Tersangka dijerat Pasal 48 ayat (2) jo Pasal 32 ayat (2) UU Nomor 11 Tahun 2008 tentang ITE dengan ancaman hukuman maksimal sembilan tahun penjara dan/atay denda Rp3 miliar dan Pasal 95A UU Nomor 24 Tahun 2013 tentang perubahan UU Nomor 23 Tahun 2006 tentang Administrasi Kependudukandengan ancaman maksimal dua tahun penjara dan/atau denda Rp 25 juta.

"Dari tersangka, modusnya adalah yang bersangkutan menjual dari situs temanmarketing.com, di mana di dalamnya dicantumkan yang membutuhkan data bisa ke situs tersebut dan dicantumkan nomor tersangka ini," kata Wakil Direktur Tindak Pidana Siber Bareskrim Kepolisian Indonesia Komisaris Besar Polisi Asep Syafruddin dalam konferensi pers, Jakarta, Kamis (15/8).

Wakil Direktur Tindak Pidana Siber Bareskrim Polri Kombes Pol Asep Safrudin (kiri) dan Direktur Jenderal Dukcapil Kemendagri Zudan Arif Fakrulloh (kanan) dalam konferensi pers di Gedung Mabes Polri, Jakarta, Kamis (15/8/2019)
ANTARA/Dyah Dwi

Dari iklan itu, polisi kemudian menyamar dengan membeli melalui aplikasi perpesanan dan mendapatkan bukti dari transaksi itu. Tersangka menawarkan beberapa paket yang harganya disesuaikan dengan jumlah data yang akan dibeli, yakni berkisar antara Rp 350.000 hingga Rp 20 juta.

"Itu sampai sekarang situs temanmarketing.com tidak bisa diakses, down. Namun kami masih terus mendalami siapa (dibalik) temanmarketing itu," kata Asep.

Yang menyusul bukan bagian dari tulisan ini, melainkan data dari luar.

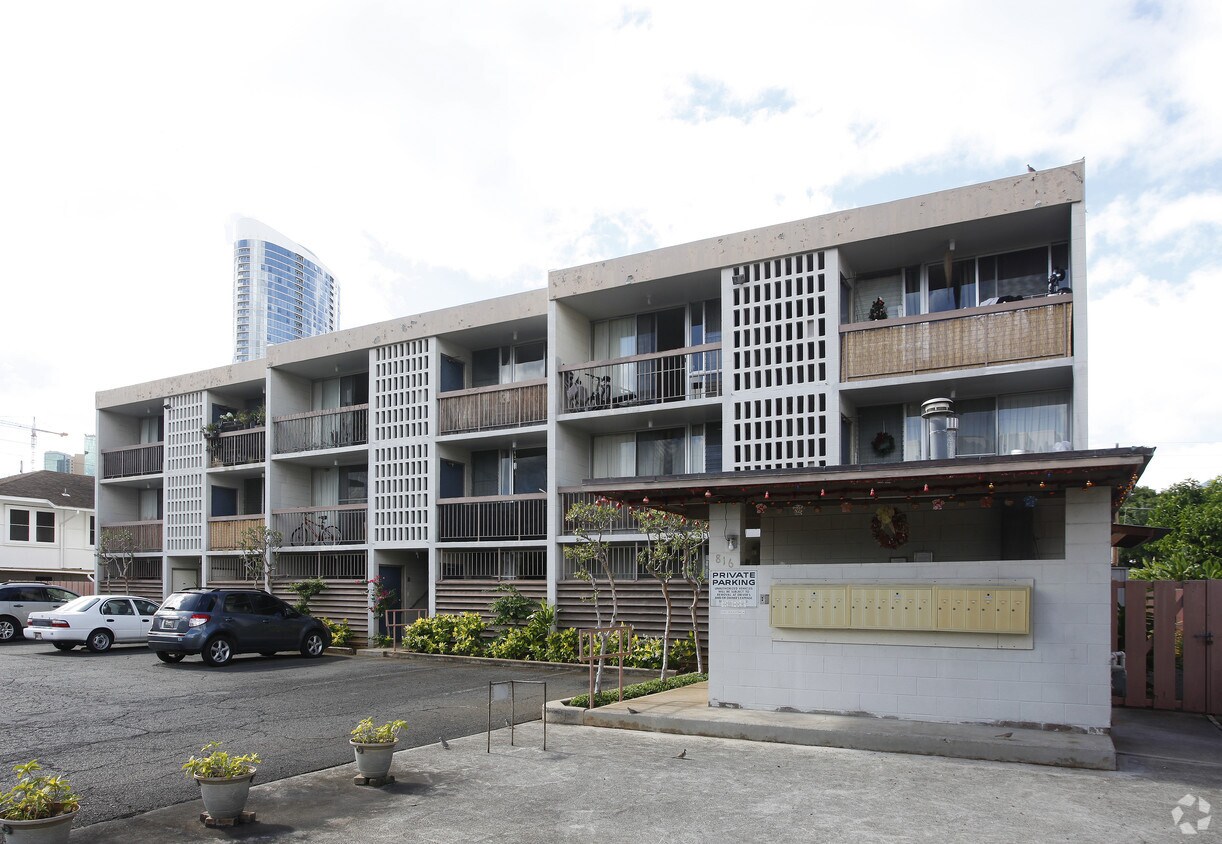 Foto del edificio - Birch Gardens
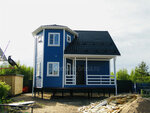 Doma iz brusa (Ustyuzhenskoye shosse, 2), construction of country houses and cottages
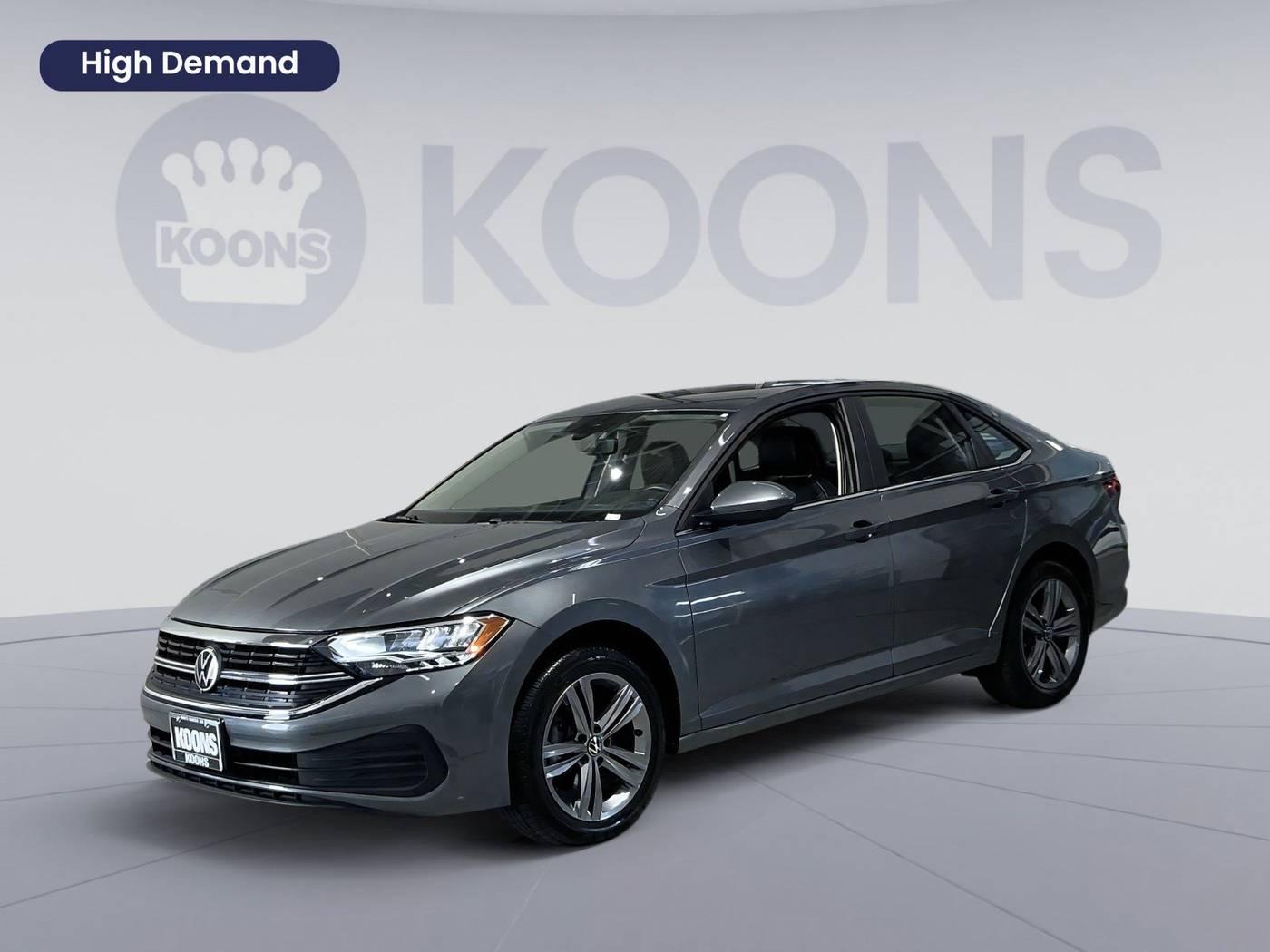 2022 Volkswagen Jetta SE — Sedan — 16,422 mi — White Marsh, MD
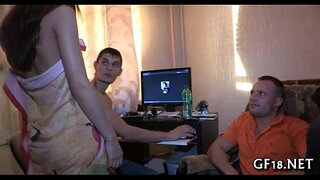 At babe grenser på det raskere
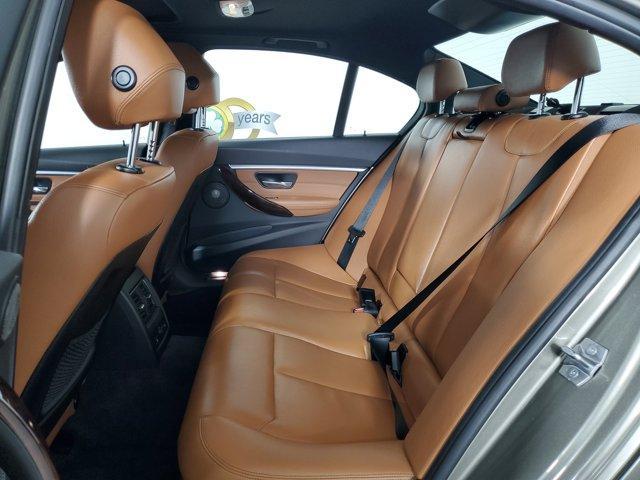 used 2017 BMW 340 car, priced at $25,000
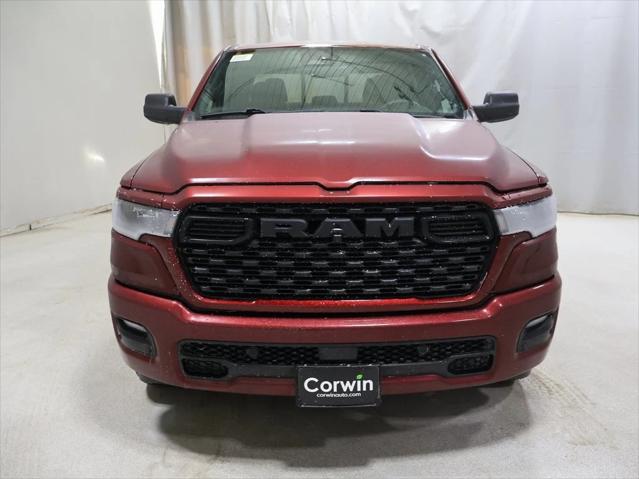 2025 RAM Ram 1500 RAM 1500 TRADESMAN CREW CAB 4X4 57 BOX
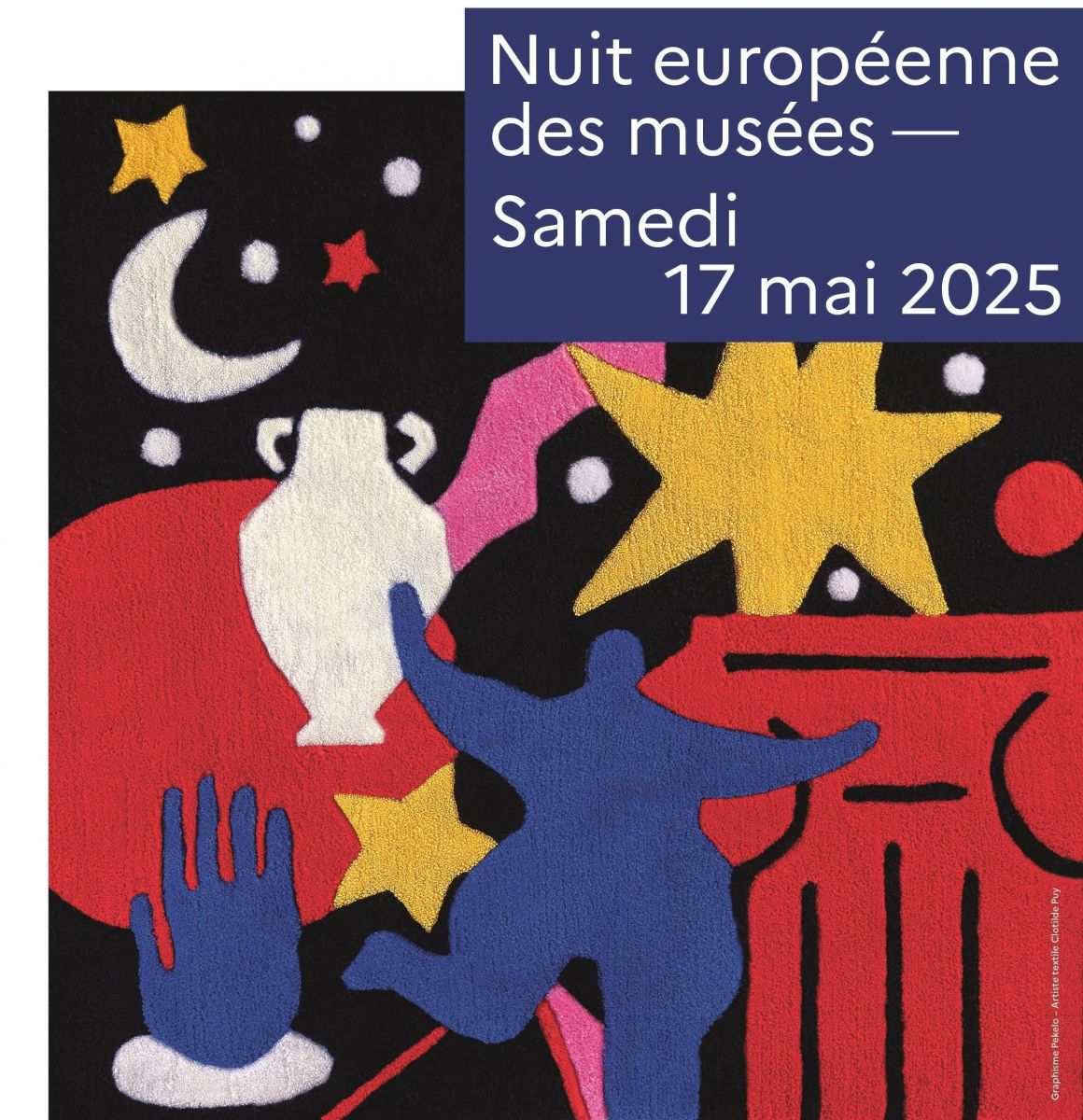 NUIT EUROPÉENNES DES MUSÉES
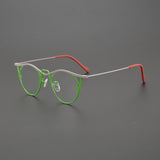 Sagira Niche Design Titanium Glasses Frame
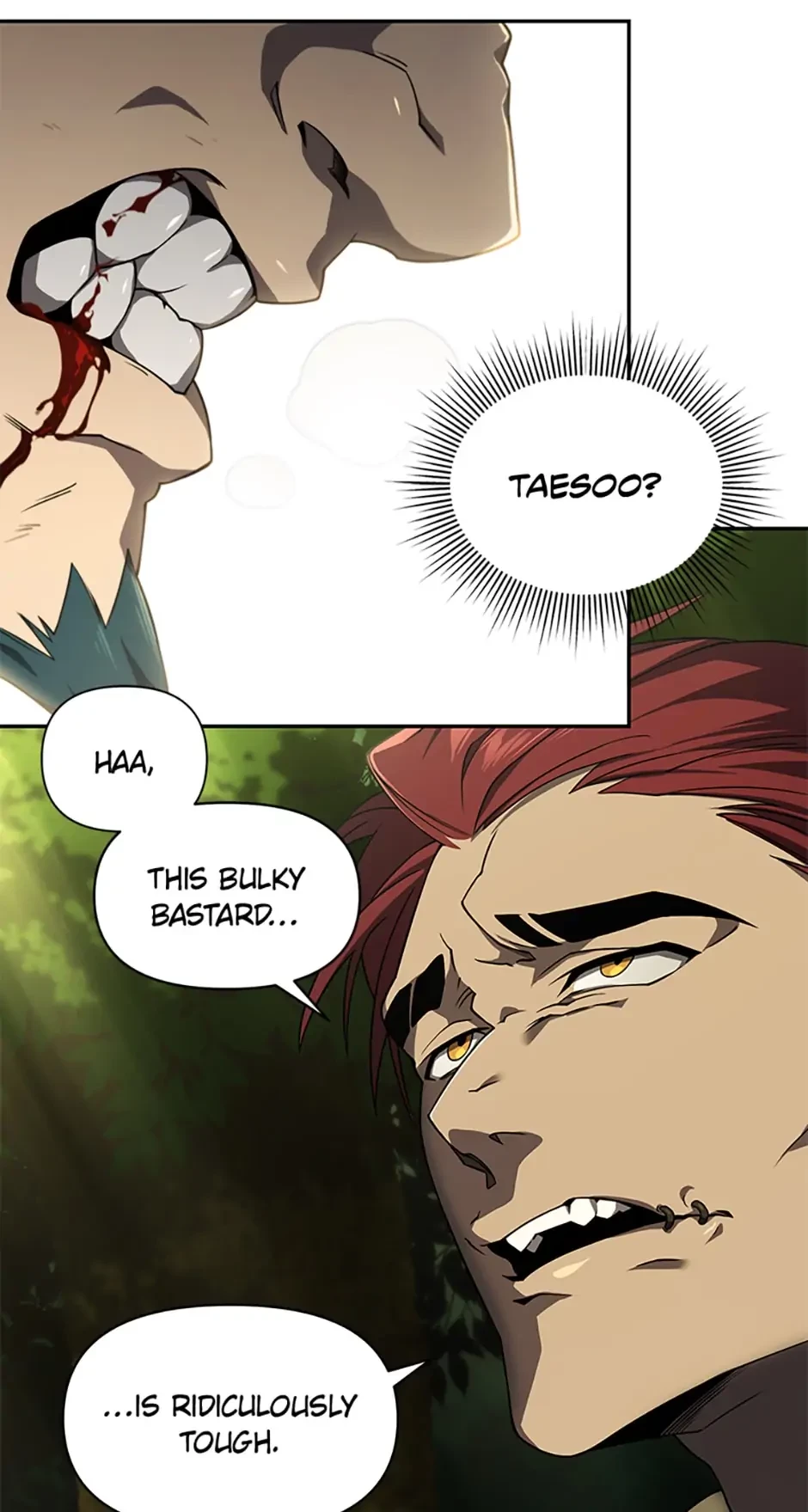 After Ten Millennia in Hell Chapter 18 - 22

Menurut keterangan Asep, dari tangan pelaku ditemukan barang bukti berupa 761 ribu nomor telepon, credit card lebih dari 100 ribu dan 64.000 nomor rekening, serta data NIK dan KK sekitar 50.000 lebih.

Lebih lanjut, tersangka C mengaku mendapatkan data tersebut dari pelaku lain berinisial I yang sudah teridentifikasi masih dalam pengejaran. Tersangka C juga mengaku mendapatkan komisi sebesar Rp 50.000 dari setiap transaksi. Sehari, dia bisa meraup setidaknya Rp 250 ribu.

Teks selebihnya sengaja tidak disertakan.